• [Directions]:
Skip the pictures. Output only the lines below starting at the line with "Hey guys and" and ending at the line with "Welcome to number", both ends included, exactly as they are.

• [Saved entries]:
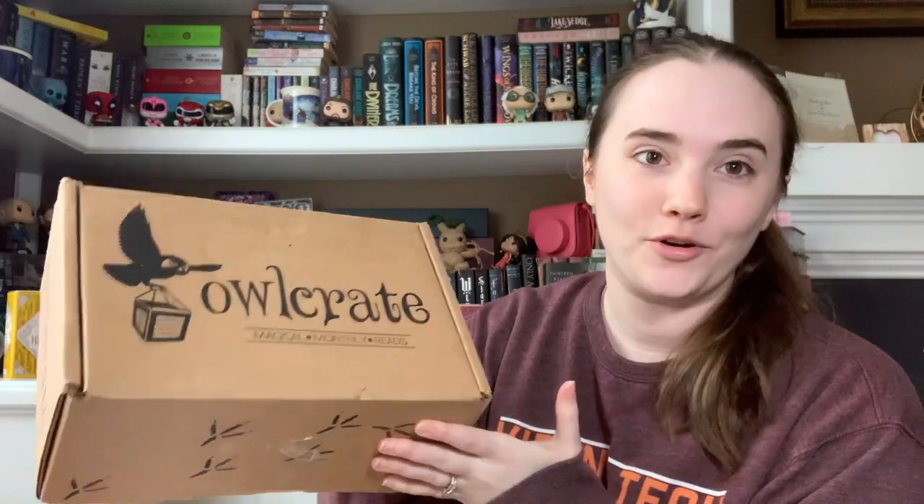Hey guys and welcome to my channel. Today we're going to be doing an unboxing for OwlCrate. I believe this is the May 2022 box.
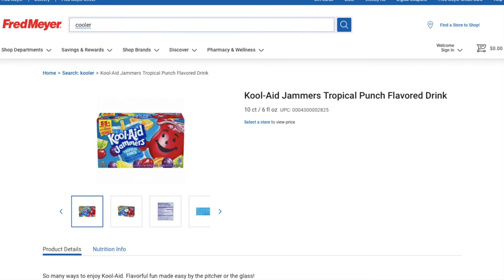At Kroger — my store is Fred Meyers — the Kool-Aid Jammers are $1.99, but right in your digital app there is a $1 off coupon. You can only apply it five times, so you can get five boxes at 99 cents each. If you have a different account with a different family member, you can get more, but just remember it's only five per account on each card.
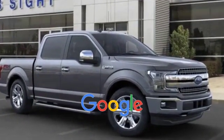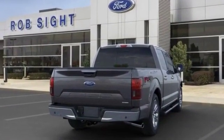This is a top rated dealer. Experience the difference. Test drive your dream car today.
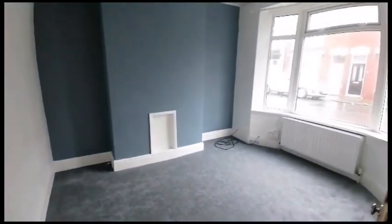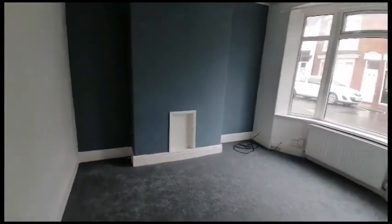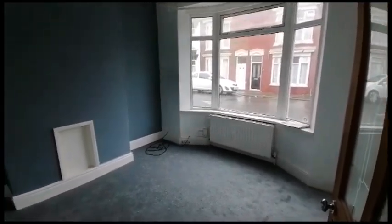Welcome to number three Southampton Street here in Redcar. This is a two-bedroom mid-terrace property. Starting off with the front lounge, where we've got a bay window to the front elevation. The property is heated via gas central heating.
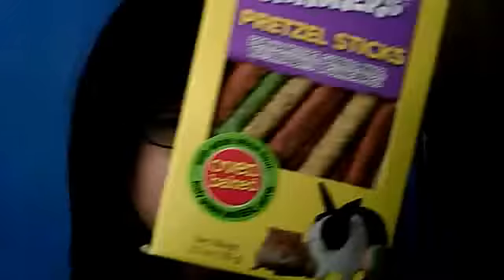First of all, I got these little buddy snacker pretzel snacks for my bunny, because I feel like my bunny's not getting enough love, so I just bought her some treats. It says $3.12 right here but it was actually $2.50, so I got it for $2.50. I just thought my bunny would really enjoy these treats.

* * *

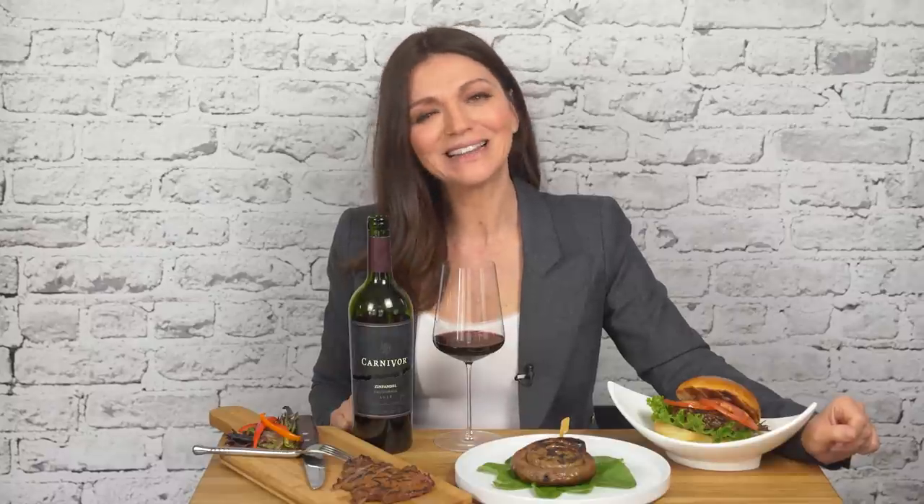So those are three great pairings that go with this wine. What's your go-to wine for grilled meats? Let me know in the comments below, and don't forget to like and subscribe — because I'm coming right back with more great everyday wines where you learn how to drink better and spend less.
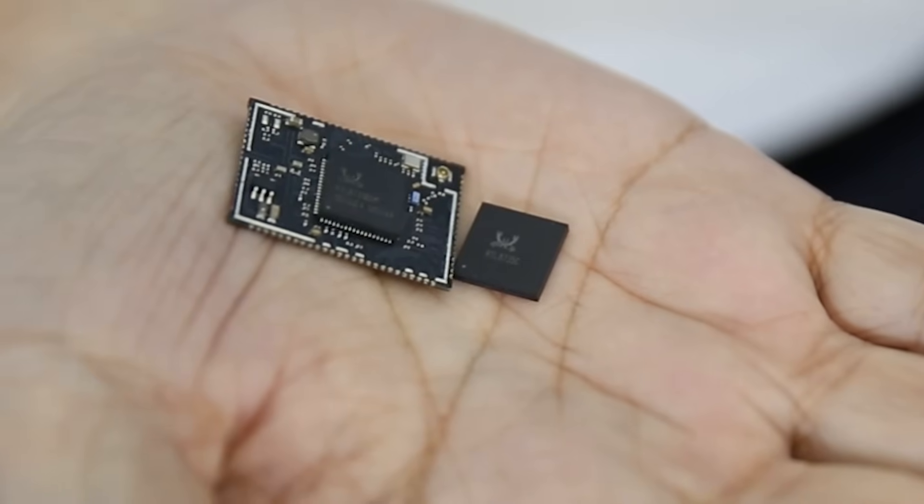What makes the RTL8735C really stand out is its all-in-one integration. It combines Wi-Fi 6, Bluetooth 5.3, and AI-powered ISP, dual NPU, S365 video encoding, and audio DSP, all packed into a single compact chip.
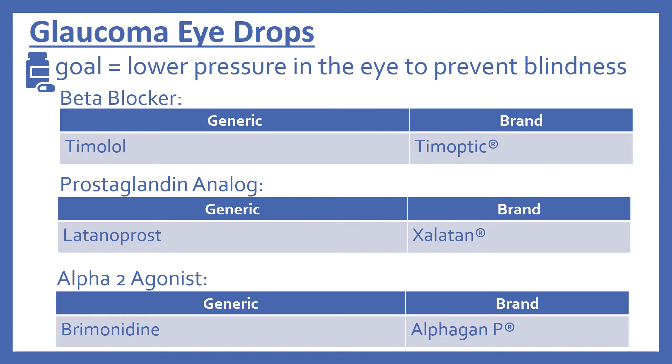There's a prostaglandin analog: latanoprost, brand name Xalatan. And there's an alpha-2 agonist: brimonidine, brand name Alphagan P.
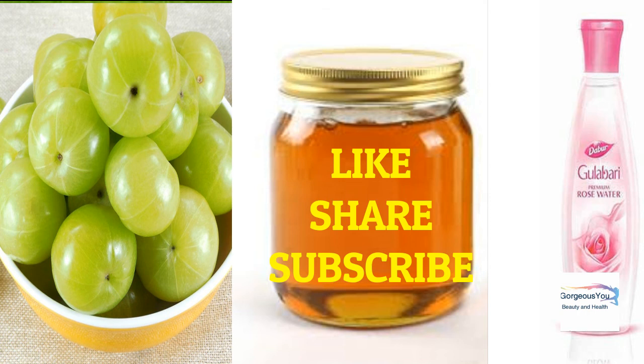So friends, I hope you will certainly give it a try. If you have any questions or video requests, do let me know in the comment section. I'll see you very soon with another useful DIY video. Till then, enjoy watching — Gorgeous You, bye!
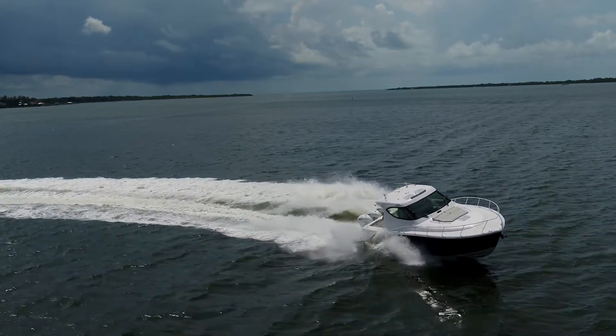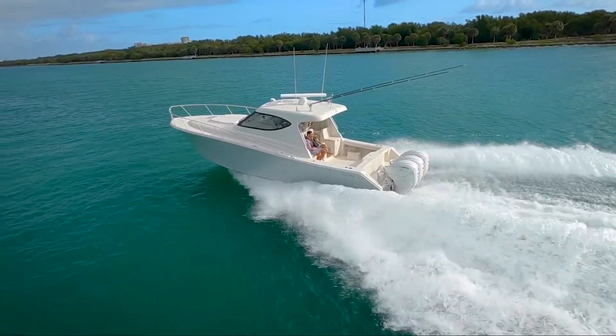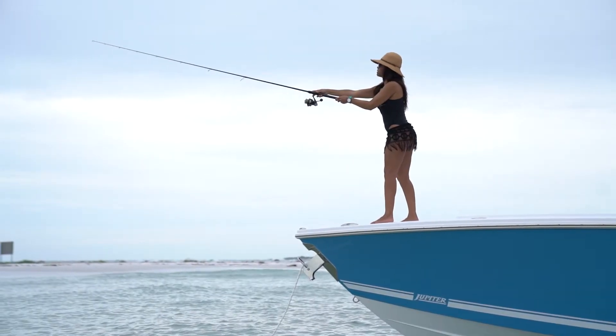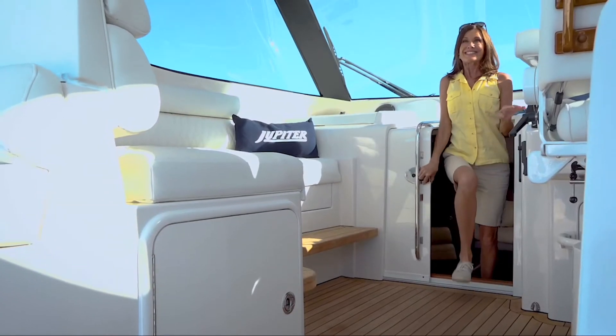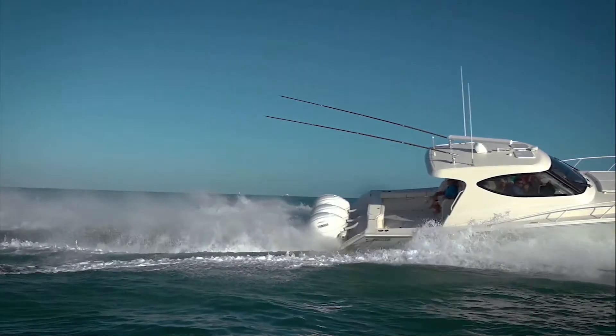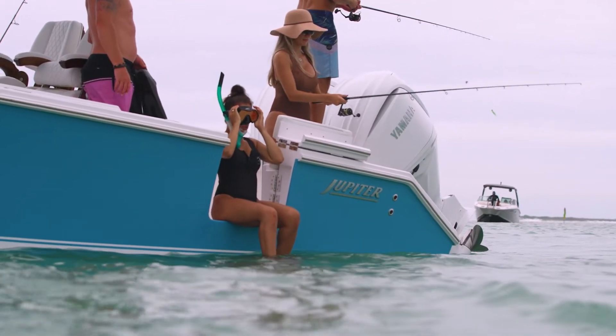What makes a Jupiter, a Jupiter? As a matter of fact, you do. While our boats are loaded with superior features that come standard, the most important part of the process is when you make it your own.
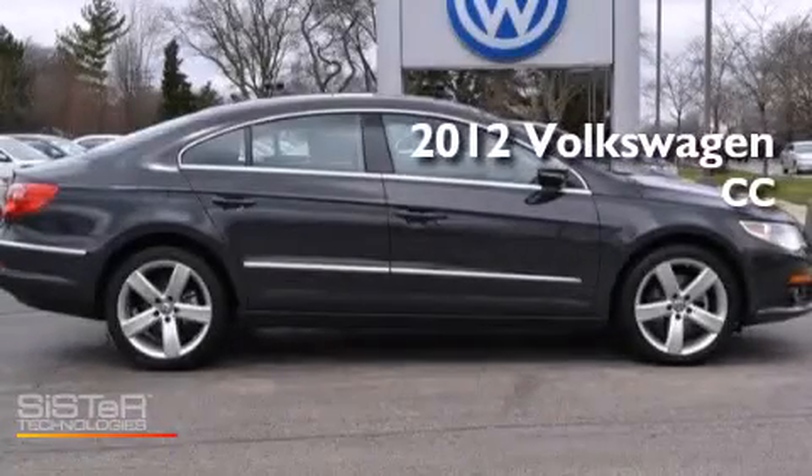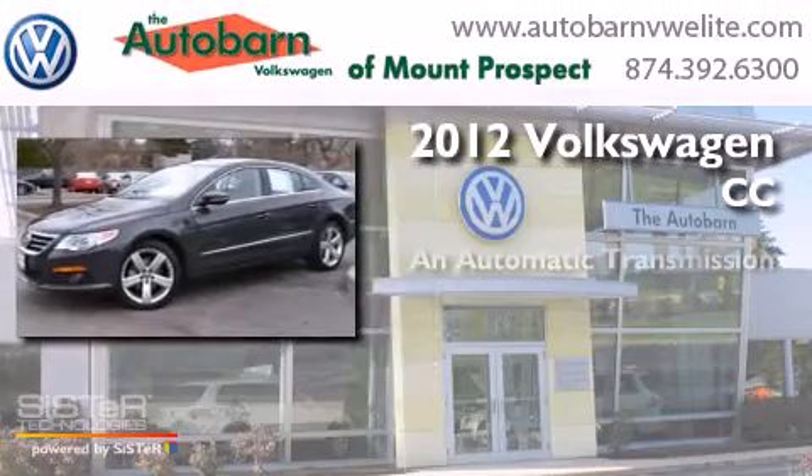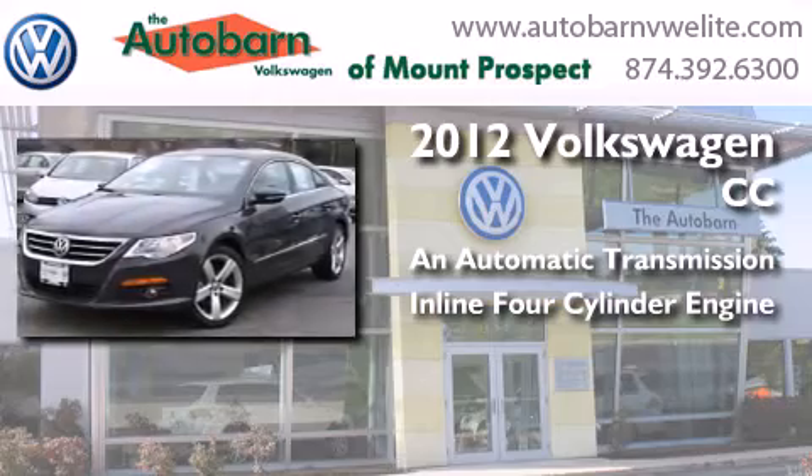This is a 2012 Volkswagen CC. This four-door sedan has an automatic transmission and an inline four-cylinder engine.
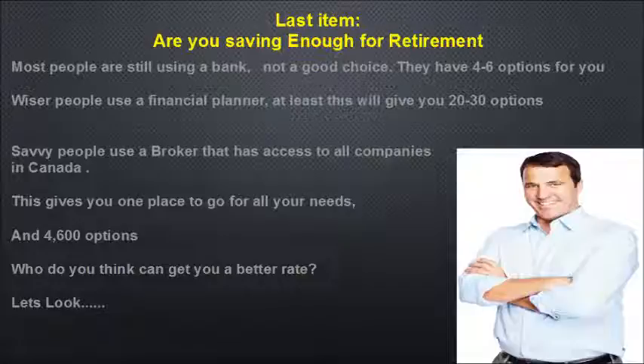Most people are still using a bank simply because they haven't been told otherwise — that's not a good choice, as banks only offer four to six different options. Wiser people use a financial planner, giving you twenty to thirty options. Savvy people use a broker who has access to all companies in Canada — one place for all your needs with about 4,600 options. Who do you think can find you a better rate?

• [Answer section]:
Hey guys and welcome to my channel. Today we're going to be doing an unboxing for OwlCrate. I believe this is the May 2022 box.
At Kroger — my store is Fred Meyers — the Kool-Aid Jammers are $1.99, but right in your digital app there is a $1 off coupon. You can only apply it five times, so you can get five boxes at 99 cents each. If you have a different account with a different family member, you can get more, but just remember it's only five per account on each card.
This is a top rated dealer. Experience the difference. Test drive your dream car today.
Welcome to number three Southampton Street here in Redcar. This is a two-bedroom mid-terrace property. Starting off with the front lounge, where we've got a bay window to the front elevation. The property is heated via gas central heating.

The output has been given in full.